In Lefevre's narrative, Livermore goes broke 4 times. The first two have to do with bad executions. He then realizes that he has to change his game and go for the long pull. He sees a big smash coming in 1907. Yet, he is a bit early in calling it, and goes broke a third time. The next time we see him lose all his money, in late 1908, he will remain in a slump for the next 5 years, until 1915. During this period he realizes that, this Wall Street game is a psychological one.
The remaining of the book deals with Livermore's methods as a stock "manipulator" for other people. As he says, Stocks are manipulated to the highest point possible and then sold to the public on the way down... It is perfectly astonishing how much stock a man can get rid of on a decline. And, the public's buying capacity ... was something that they could determine only by actual tests. Sounds familiar?
In the annotations we are told that Livermore will make millions in the 1929 crash but will suffer a series of setbacks following the multi-month rally of mid-1932. He will file for bankruptcy for a fourth time in 1934.

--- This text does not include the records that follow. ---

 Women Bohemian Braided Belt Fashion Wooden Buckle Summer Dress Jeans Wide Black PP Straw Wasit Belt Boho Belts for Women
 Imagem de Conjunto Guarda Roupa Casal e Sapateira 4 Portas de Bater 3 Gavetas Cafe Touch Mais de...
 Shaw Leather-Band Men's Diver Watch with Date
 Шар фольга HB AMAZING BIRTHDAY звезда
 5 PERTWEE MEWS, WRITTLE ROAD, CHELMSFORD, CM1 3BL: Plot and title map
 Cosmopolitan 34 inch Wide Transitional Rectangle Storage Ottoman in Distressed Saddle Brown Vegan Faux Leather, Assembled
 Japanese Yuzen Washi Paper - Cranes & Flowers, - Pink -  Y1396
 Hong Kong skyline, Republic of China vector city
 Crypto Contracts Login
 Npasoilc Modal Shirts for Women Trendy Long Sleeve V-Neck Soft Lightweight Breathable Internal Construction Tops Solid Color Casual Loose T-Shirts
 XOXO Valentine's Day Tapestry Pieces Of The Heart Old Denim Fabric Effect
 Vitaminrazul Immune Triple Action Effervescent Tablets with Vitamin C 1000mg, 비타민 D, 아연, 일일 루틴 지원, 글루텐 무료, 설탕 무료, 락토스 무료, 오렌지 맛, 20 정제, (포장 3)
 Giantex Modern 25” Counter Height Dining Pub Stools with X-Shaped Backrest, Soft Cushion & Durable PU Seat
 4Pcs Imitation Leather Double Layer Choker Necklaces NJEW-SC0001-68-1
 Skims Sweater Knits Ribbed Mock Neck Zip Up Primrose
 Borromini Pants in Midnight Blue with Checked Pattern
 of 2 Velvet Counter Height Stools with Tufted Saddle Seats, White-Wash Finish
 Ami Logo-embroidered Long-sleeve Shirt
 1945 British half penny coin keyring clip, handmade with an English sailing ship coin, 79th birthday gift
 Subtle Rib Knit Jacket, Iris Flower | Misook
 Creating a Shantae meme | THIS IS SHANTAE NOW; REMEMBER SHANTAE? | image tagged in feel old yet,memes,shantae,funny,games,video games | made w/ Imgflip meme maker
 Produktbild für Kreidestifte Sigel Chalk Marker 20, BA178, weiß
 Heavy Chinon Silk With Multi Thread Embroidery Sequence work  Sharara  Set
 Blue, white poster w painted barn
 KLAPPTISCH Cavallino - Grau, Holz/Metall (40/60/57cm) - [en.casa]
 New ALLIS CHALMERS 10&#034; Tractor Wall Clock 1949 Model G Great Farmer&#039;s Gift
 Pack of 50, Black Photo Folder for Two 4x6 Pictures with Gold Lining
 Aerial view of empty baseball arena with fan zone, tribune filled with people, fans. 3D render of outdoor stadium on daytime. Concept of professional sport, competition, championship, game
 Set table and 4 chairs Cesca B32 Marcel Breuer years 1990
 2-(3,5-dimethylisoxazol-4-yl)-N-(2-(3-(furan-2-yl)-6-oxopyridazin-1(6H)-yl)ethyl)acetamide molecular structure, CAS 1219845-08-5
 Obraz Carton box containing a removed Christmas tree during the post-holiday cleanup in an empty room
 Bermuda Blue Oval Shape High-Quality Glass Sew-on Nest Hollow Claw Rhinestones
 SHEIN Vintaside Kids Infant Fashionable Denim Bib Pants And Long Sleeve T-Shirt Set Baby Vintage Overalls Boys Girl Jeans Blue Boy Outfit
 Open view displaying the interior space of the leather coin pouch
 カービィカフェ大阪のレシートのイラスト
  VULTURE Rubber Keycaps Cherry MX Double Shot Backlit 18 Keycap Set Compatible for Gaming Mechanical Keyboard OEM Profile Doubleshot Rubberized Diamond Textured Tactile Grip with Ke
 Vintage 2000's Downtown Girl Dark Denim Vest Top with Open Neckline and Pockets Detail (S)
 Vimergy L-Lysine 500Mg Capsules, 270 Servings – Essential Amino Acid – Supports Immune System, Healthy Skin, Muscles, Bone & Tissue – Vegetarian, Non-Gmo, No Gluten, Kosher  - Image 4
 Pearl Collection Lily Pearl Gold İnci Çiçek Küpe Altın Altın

PS. For a video on the 1929 crash and Livermore, see [...]
I am just stunned at how the editors (or whomever) did such a poor job on the Kindle edition. It is unreadable. The annotations are mixed in with the text, not hyperlinked. Disaster. What a waste of a wonderful medium!
I went ahead and bought the non-annotated version. It's wonderful. I can actually read it. I suppose it's nice to the have the annotated version to refer to later, after I'm actually done reading the ACTUAL book.
To the folks behind the Kindle edition -- shame on you. You rushed it out and it shows.
Update: I went back and read the annotated version after having read the non-annotated version. The annotations are actually very useful! But the problem for me was in the readability.
Update 2: I've bumped it up to 4 stars. It's a fair point that one commenter made that the review should be on the book, not the layout. However, there was a real issue with this layout that made the book very difficult to read. At any rate, perhaps they've solved it (get the free sample and see for yourself); the book itself is marvelous.